Exercise directions: For any picture in the lines below, please leave it out and copy the rest exactly.

Dataset extract:
[Start of Attachment]

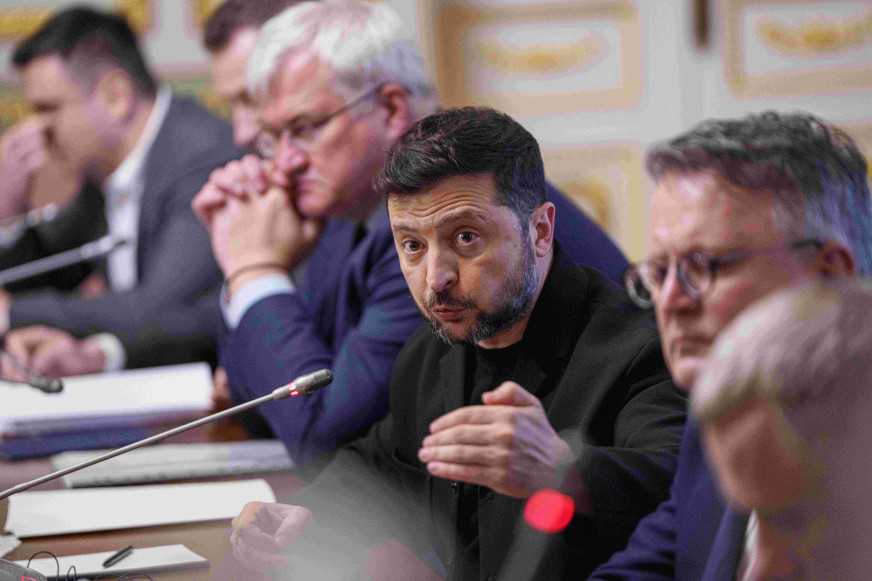 News.by паказаў графік пра падзенне даверу да ўлады ва Украіне. Але ў даследаванні ўкраінцаў не апытвалі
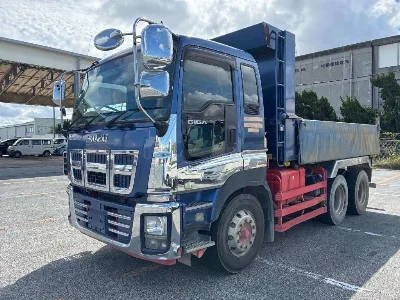 ISUZU GIGA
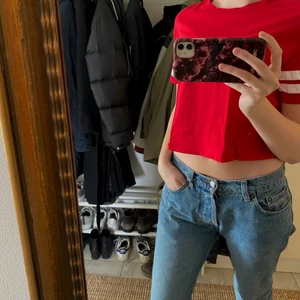 Röd t-shirt  - Basic röd t-shirt från H&M ❤️🍎🌹 (OBS, om du vill köpa denna kan du få den andra i färgen blå på köpet för samma pris)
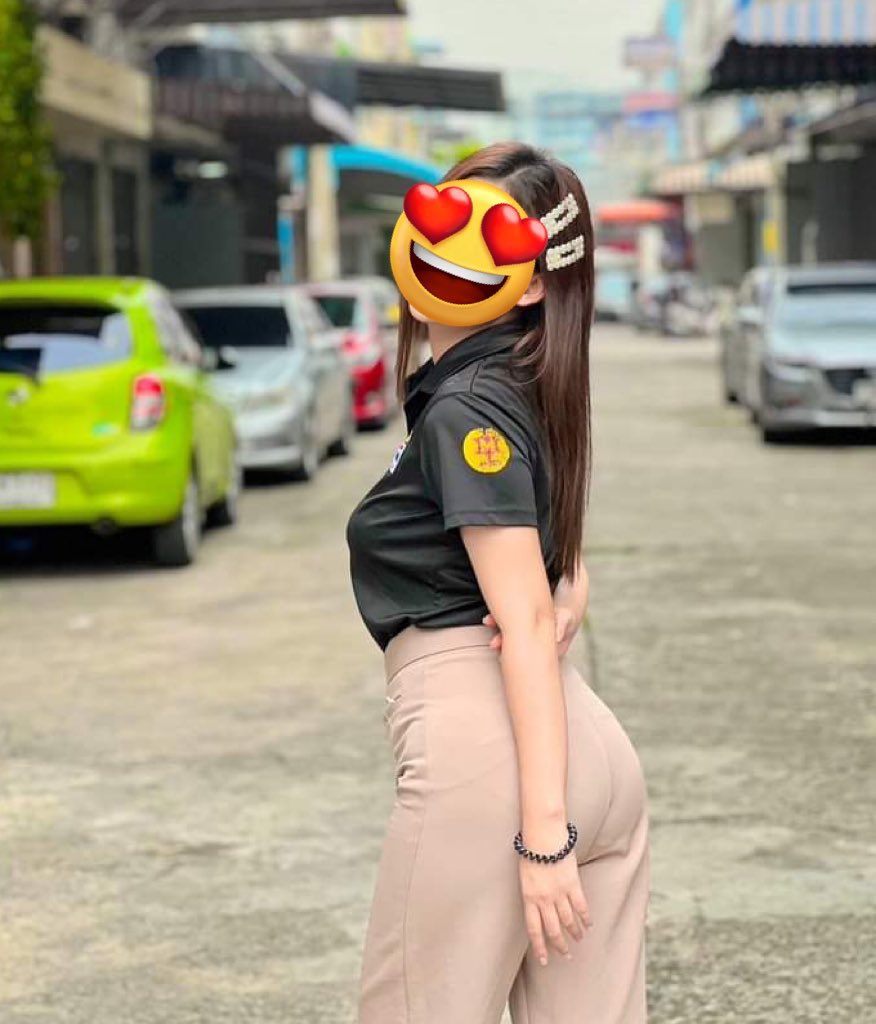 รับงาน tweet media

[End of Attachment]

Exercise answer:
 News.by паказаў графік пра падзенне даверу да ўлады ва Украіне. Але ў даследаванні ўкраінцаў не апытвалі
 ISUZU GIGA
 Röd t-shirt  - Basic röd t-shirt från H&M ❤️🍎🌹 (OBS, om du vill köpa denna kan du få den andra i färgen blå på köpet för samma pris)
 รับงาน tweet media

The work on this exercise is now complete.